Primary LanguagePython

Wordle Solver

Wordle is a game where you have to guess a 5-letter word in a similar manner as the guess-the-color game Mastermind. After guessing a five-letter word, the game tells you whether any of your letters are in the secret word and whether they are in the correct place. This project explores some different strategies for the game.

To use a particular strategy, run python wordle_solver/use_strategy.py <STRATEGY_NUMBER>:

python wordle_solver/use_strategy.py 3
...
The best guess is LARES. Enter the result of this guess: 00000
The best guess is TONIC. Enter the result of this guess: 00200
The best guess is DYING. Enter the result of this guess: 01020
Remaining words: ['BUNNY', 'FUNNY', 'NUNNY', 'PUNNY']
The best guess is UPBYE. Enter the result of this guess: 10110
The answer is BUNNY.

To test a particular strategy, run python wordle_solver/test_strategy.py <STRATEGY_NUMBER>. Each strategy is tested against every 5-letter word to calculate the expected number of guesses the strategy needs to correctly guess a random 5-letter word, along with calculating the worst possible word(s) for the strategy.

Strategy 1 (The Dumb Strategy)

  • Average guesses needed: 5.530
  • Worst word for this strategy: ZILLS (18 guesses needed)

This strategy keeps track of every word that hasn't been ruled out yet, in alphabetical order. It picks the first word from this list, then updates the list based on the result of the guess. This repeats until the word is found.

Strategy 2 (The Slightly Less Dumb Strategy)

  • Average guesses needed: 4.951
  • Worst words for this strategy: SALES, SANGS, SILLS (15 guesses needed)
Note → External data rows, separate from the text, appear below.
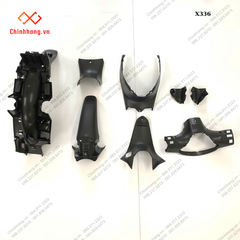 BỘ NHỰA NHÁM ĐEN-BỘ NHỰA FUTURE Neo 125-2005- màu đỏ đậm
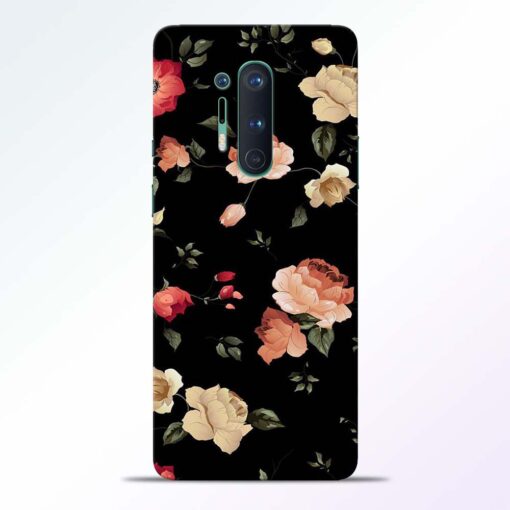 Roses Floral Fkower Oneplus 8 Pro Back Cover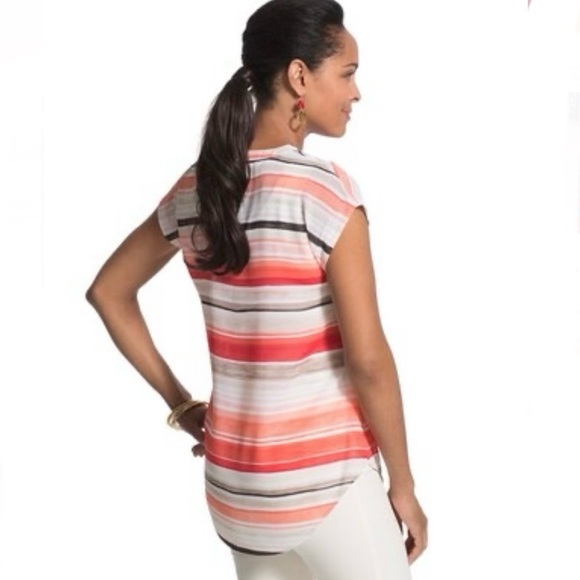 Chico’s Cassandra Red stripe top - Picture 2 of 10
This strategy improves on Strategy 1 by picking the "best" word from the list of possible words, rather than the first word. The "best" word is based on a heuristic scoring of how common each unique letter in the word is.

Strategy 3 (The Good Strategy)

  • Average guesses needed: 4.111
  • Worst word for this strategy: SILLS (8 guesses needed)

This strategy involves some pre-calculations to work out the "best" next guess from a given point in the game. The "best" guess is defined as the one that results in the lowest number of remaining possible words, when averaged across all possible answers.

  1. compute_best_first_guess.py does this for the first guess. This calculates that the best first guess is LARES.
  2. compute_best_second_guess.py does this for the second guess (assuming LARES as the first guess). It outputs the mapping of {best first guess -> result from first guess -> best second guess} into best_second_guesses.txt.
  3. compute_best_third_guess.py does this again for the third guess (using the mapping of best second guesses), outputting the mapping of {best first guess -> result from first guess -> best second guess -> result from second guess -> best third guess} to best_third_guesses.txt.
  4. compute_best_guesses_complete.py does this for all remaining guesses (using the previous mappings), and combines all the previous mapping files into one complete mapping of {best guess -> result -> best guess -> etc} in best_guesses_complete.txt.

The strategy then just uses the complete mapping stored in best_guesses_complete.txt to pick its next guess.